What are your future plans?
I have a loose structure, if you will, but nothing definite other than finishing college. I’ll be graduating from UVM with a double major in French and English in 2014, and with some luck, I’ll be spending my senior year writing a creative thesis on my maternal grandfather’s experiences in World War II. The year after, I’ll apply for the French embassy’s teaching assistantship program, where I’d be placed in a city within the country or its overseas territories to teach English conversation. After that, I’d like to continue traveling, learning languages, and teaching English in this way. Some potential countries on my list are South Korea, Chile, Brazil, Germany, Russia, and Mexico. After that, things get fuzzy. I’d like an MFA in creative writing, potentially from the University of Alaska Anchorage. I’d like a masters from a university in France in whatever might tickle my fancy at the time. I’d like to teach English literature in American high schools. I’d like to ultimately find myself back in Belgium to live, for at least several years. Who knows in what order I’ll do it all, or if I’ll do it all, or how my plans will change? Isn’t that the most beautiful part of the planning?

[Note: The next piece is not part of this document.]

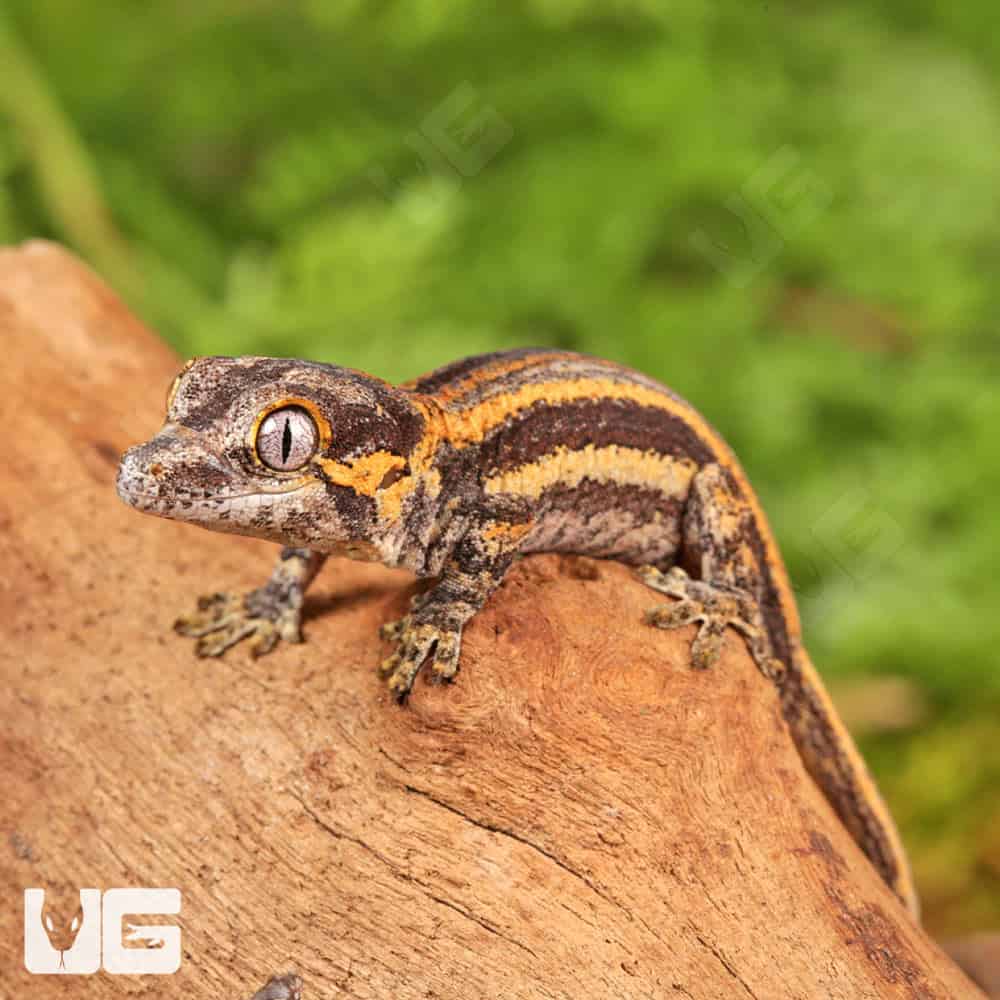 Baby Colored Striped Gargoyle Geckos (Rhacodactylus auriculatus) For Sale - Underground Reptiles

What’s your BEST piece of advice for someone who is thinking about studying abroad?
Oh, I have too much advice. I firmly believe, like most people who depart to study abroad, that everyone should do it at some point in their academic career, be it high school or college. My fondest wish is to be able to convince more and more students to do a gap year, or even to study abroad between two years of high school, with a program such as Rotary Exchange. Many people have expressed, to me, regret that they didn’t further consider their high school options. Aside that, for those wishing to study in college: study as long as possible. Do the year if you can. The homesickness, the frustration, it all disappears after the six month mark, right when most program end. Additionally, your competence in the language skyrockets after six months, too.
Me being less of a traveler and more of a immerse-myself-in-the-culture person, I’d highly recommend spending more time in your host country and city than perhaps your peers might. Go explore the side streets. Go into the tiny bars and random stores and talk to as many people as possible. Go by yourself. Try out the words and phrases you know in the language and ask people for slang and colloquial expressions. At home, try to eat what and the way you see locals eat. It’s a sad thing to go home and be able to ramble on about your voyages, but not be able to adequately describe the very country in which you lived.
Finally, educate yourself on culture shock and the best ways to deal with it. You need to know the signs and what you can do to combat it in order to continue profiting from it. And it’ll further open up the gate for full cultural immersion.